Una prospettiva molto interessante, ma fattibile soltanto se fosse possibile individuare con anticipo in quali zone si verificheranno le prossime scosse più forti. In tal senso, le previsioni dei terremoti hanno già fatti passi da gigante negli ultimi anni con il riconoscimento delle zone sismiche prioritarie anche grazie agli studi dello stesso prof. Mantovani e del suo team, oltre che da altri studiosi particolarmente autorevoli e affermati.

In merito, sono già stati pubblicati numerosi studi scientifici e lo stesso prof.
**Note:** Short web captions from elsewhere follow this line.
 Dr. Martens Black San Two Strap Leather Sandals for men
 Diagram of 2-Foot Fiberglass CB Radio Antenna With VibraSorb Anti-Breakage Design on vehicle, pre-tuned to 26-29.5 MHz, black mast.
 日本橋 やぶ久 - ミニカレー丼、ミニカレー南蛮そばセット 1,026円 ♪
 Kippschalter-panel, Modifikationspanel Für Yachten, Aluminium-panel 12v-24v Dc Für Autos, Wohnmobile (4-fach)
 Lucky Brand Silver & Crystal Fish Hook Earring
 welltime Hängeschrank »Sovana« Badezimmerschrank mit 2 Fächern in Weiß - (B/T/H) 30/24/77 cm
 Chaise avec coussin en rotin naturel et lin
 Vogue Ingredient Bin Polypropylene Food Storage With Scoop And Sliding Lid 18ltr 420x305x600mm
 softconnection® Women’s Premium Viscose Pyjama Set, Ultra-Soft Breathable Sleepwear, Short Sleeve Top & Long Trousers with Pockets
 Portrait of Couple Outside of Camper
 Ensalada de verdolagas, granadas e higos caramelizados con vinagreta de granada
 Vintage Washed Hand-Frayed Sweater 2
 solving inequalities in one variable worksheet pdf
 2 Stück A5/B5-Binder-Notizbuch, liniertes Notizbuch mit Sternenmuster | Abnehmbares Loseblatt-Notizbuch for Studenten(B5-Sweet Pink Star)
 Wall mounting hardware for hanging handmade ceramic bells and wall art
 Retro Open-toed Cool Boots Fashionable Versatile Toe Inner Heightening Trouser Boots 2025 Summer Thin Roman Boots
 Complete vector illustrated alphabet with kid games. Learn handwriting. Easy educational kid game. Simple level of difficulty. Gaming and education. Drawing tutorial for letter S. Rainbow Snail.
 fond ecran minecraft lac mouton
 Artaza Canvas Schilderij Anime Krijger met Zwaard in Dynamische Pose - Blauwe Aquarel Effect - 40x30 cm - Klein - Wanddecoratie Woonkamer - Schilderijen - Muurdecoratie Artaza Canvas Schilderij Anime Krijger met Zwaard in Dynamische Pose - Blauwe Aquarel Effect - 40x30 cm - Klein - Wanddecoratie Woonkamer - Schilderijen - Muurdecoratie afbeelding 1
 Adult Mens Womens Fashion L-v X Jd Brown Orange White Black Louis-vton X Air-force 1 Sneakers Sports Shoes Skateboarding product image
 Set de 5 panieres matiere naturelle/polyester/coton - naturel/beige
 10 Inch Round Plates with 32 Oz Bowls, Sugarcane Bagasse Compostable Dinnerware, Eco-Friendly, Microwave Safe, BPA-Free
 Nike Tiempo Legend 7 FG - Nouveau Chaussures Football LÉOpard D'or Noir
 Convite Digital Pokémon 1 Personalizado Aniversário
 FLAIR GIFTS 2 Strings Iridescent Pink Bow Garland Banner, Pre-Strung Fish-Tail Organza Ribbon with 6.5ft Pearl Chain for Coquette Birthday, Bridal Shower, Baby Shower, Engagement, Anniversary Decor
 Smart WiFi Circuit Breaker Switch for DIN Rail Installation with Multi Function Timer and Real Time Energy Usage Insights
Mantovani ha spiegato che “la possibilità che le informazioni fornite da questa metodologia siano affidabili è in particolare suggerita dal fatto che gli ultimi terremoti forti in Italia (quelli avvenuti in centro Italia nel 2016-2017 e quello che ha colpito la costa marchigiana nel 9 Novembre scorso) si sono verificati nelle zone che erano state segnalate come prioritarie”. Una previsione che lo sciame sismico in Romagna sta ulteriormente confermando. L’11 novembre, infatti, Mantovani ci spiegava che “le indagini delle ultime pubblicazioni scientifiche mettono in evidenza che le scosse maggiori lungo le zone periAdriatiche (Grecia, Albania, Croazia, Slovenia, Alpi, Appennini, Calabria) tendono a migrare dalle zone meridionali a quelle settentrionali. Questo comportamento sembra ripetersi ogni 150-200 anni e trova una plausibile spiegazione nell’ambito del quadro tettonico dell’area in esame, considerato che le zone citate circondano la placca adriatica e che quindi la loro sismicità è strettamente connessa con il progressivo spostamento di tale solida struttura rispetto alle zone circostanti. Dal 1600 al 1930 è possibile riconoscere 4 sequenze migranti, in cui crisi sismiche forti hanno colpito quasi tutte le zone periadriatiche, passando da quelle meridionali al fronte alpino. Dopo il 1930, la sismicità ha finora prevalentemente interessato le zone appenniniche meridionali e quelle centrali. Considerata questa distribuzione di sismicità, le regolarità riconosciute nelle 4 sequenze sismiche precedenti e il quadro tettonico della zona in esame, è ragionevole supporre che molto probabilmente le prossime scosse principali si verificheranno lungo i bordi del settore appenninico mostrato nell’immagine successiva (cuneo Romagna-Marche-Umbria), in particolare nelle zone identificate come Alta Valtiberina, Appennino Forlivese e fascia costiera Rimini-Ancona. Il fatto che il terremoto del 9 novembre scorso abbia colpito quest’ultima zona sembra indicare che la previsione sopra citata si stia verificando. A questo punto, vale inoltre la pena di ricordare che nelle sequenze sismiche precedenti (1600-1930) le tre zone sopra citate si sono sempre verificate entro 10-20 anni le une dalle altre. Cioè, quando se ne attiva una la probabilità che si attivino le altre due aumenta significativamente”.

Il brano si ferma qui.